◆ Records for the exercise ◆
--*--

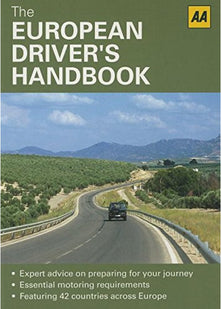 The European Driver's Handbook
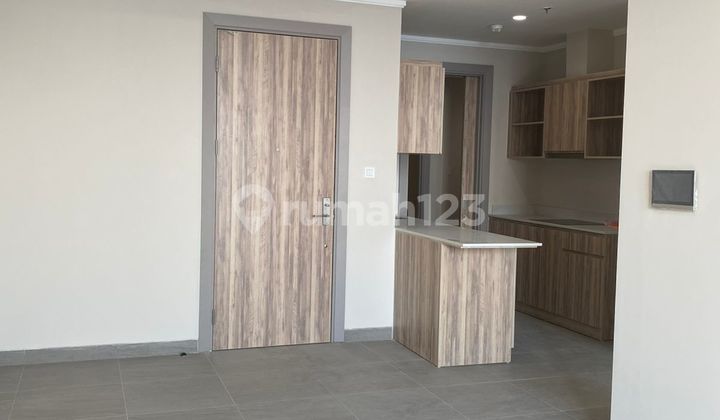 Jual Cepat Condominium Azzure Menara Jakarta Kemayoran Lt144m Private Lift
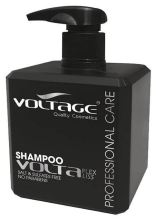 Voltaplex Liss Shampoo 500 ml P-1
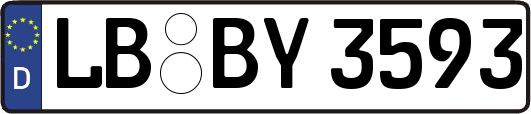 LB-BY3593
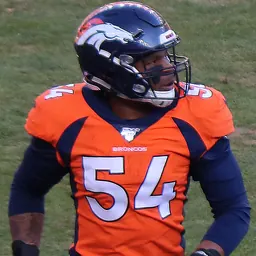 Portrait of Josh Watson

--*--

Give back the records above word for word, minus any image they hold.

◆ Result of this task ◆
 The European Driver's Handbook
 Jual Cepat Condominium Azzure Menara Jakarta Kemayoran Lt144m Private Lift
 Voltaplex Liss Shampoo 500 ml P-1
 LB-BY3593
 Portrait of Josh Watson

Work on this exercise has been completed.